Exercise instructions
Your task is to transcribe the material that follows, line by line and exactly.

Material for this task
────────

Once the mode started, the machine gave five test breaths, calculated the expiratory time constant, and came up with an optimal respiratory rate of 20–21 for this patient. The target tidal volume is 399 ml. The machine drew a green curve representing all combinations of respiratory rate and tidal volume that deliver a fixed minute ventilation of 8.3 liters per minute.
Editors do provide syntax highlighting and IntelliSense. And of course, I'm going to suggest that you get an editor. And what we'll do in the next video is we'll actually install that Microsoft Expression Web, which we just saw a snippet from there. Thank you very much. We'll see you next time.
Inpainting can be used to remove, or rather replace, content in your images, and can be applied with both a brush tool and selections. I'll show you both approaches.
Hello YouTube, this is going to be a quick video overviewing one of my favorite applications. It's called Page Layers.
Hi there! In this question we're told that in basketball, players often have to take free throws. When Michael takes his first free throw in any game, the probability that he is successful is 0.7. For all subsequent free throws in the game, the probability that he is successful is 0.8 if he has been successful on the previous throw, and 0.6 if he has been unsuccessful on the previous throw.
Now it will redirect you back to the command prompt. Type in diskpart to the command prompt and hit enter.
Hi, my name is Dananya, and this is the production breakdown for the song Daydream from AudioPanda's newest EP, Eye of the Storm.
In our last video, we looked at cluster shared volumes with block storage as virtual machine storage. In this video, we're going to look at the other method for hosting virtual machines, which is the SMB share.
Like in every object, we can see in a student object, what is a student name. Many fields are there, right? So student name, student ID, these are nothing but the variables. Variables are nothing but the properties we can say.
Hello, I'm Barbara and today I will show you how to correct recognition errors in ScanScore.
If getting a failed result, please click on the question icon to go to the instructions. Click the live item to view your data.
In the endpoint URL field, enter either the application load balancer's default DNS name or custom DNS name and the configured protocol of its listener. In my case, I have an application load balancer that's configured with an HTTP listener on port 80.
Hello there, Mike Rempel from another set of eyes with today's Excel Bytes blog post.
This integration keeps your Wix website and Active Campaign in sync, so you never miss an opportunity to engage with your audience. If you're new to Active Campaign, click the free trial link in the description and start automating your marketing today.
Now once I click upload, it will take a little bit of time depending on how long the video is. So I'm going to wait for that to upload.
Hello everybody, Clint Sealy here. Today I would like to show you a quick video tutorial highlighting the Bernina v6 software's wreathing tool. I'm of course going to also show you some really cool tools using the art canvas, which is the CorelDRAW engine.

────────

Exercise result
Once the mode started, the machine gave five test breaths, calculated the expiratory time constant, and came up with an optimal respiratory rate of 20–21 for this patient. The target tidal volume is 399 ml. The machine drew a green curve representing all combinations of respiratory rate and tidal volume that deliver a fixed minute ventilation of 8.3 liters per minute.
Editors do provide syntax highlighting and IntelliSense. And of course, I'm going to suggest that you get an editor. And what we'll do in the next video is we'll actually install that Microsoft Expression Web, which we just saw a snippet from there. Thank you very much. We'll see you next time.
Inpainting can be used to remove, or rather replace, content in your images, and can be applied with both a brush tool and selections. I'll show you both approaches.
Hello YouTube, this is going to be a quick video overviewing one of my favorite applications. It's called Page Layers.
Hi there! In this question we're told that in basketball, players often have to take free throws. When Michael takes his first free throw in any game, the probability that he is successful is 0.7. For all subsequent free throws in the game, the probability that he is successful is 0.8 if he has been successful on the previous throw, and 0.6 if he has been unsuccessful on the previous throw.
Now it will redirect you back to the command prompt. Type in diskpart to the command prompt and hit enter.
Hi, my name is Dananya, and this is the production breakdown for the song Daydream from AudioPanda's newest EP, Eye of the Storm.
In our last video, we looked at cluster shared volumes with block storage as virtual machine storage. In this video, we're going to look at the other method for hosting virtual machines, which is the SMB share.
Like in every object, we can see in a student object, what is a student name. Many fields are there, right? So student name, student ID, these are nothing but the variables. Variables are nothing but the properties we can say.
Hello, I'm Barbara and today I will show you how to correct recognition errors in ScanScore.
If getting a failed result, please click on the question icon to go to the instructions. Click the live item to view your data.
In the endpoint URL field, enter either the application load balancer's default DNS name or custom DNS name and the configured protocol of its listener. In my case, I have an application load balancer that's configured with an HTTP listener on port 80.
Hello there, Mike Rempel from another set of eyes with today's Excel Bytes blog post.
This integration keeps your Wix website and Active Campaign in sync, so you never miss an opportunity to engage with your audience. If you're new to Active Campaign, click the free trial link in the description and start automating your marketing today.
Now once I click upload, it will take a little bit of time depending on how long the video is. So I'm going to wait for that to upload.
Hello everybody, Clint Sealy here. Today I would like to show you a quick video tutorial highlighting the Bernina v6 software's wreathing tool. I'm of course going to also show you some really cool tools using the art canvas, which is the CorelDRAW engine.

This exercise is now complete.